Picture this: you export a MySQL dump, try to import it on another server, and it blows up. Why? Because someone (me, years ago) named a column status. Or order. Or key. You know, words that MySQL decided are sacred.

The fix is simple — wrap those column names in backticks. The annoying part is doing it manually on a 500MB dump file. No thanks.

So I built clean-sql. You point it at a SQL dump file and it fixes things automatically. What started as a backtick-quoting tool has grown to handle six different import errors: reserved words as column names, double-escaped quotes from buggy backup tools, trailing backslashes in values, foreign key constraint failures, null bytes, and literal newlines that confuse the mysql client.
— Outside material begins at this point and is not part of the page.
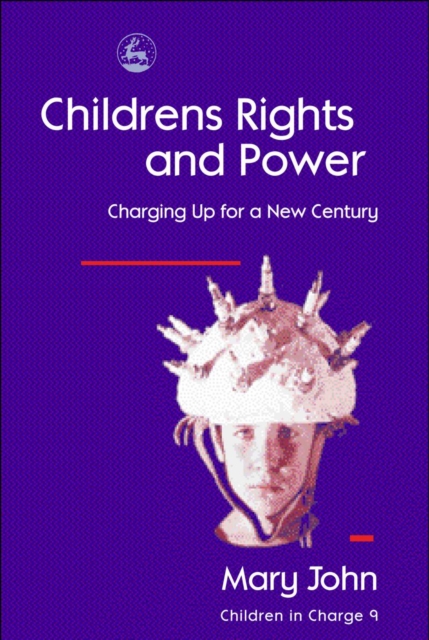 Children's Rights and Power : Charging Up for a New Century, PDF eBook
It uses a character-level state machine that properly tracks single-quoted strings — even across multi-line HTML email templates with escaped quotes and CSS. So it only fixes actual column names, never corrupting content inside string values.

Could I have written a sed one-liner? Maybe. Would it have worked on edge cases? Absolutely not. I’ve been programming since 1988, I know better than to trust regex with SQL.

Built it in Go. Runs in seconds even on huge files — it shows a progress bar on big dumps and supports --check for dry runs, --disable-fk to wrap output with SET FOREIGN_KEY_CHECKS, and --update to self-update from GitHub.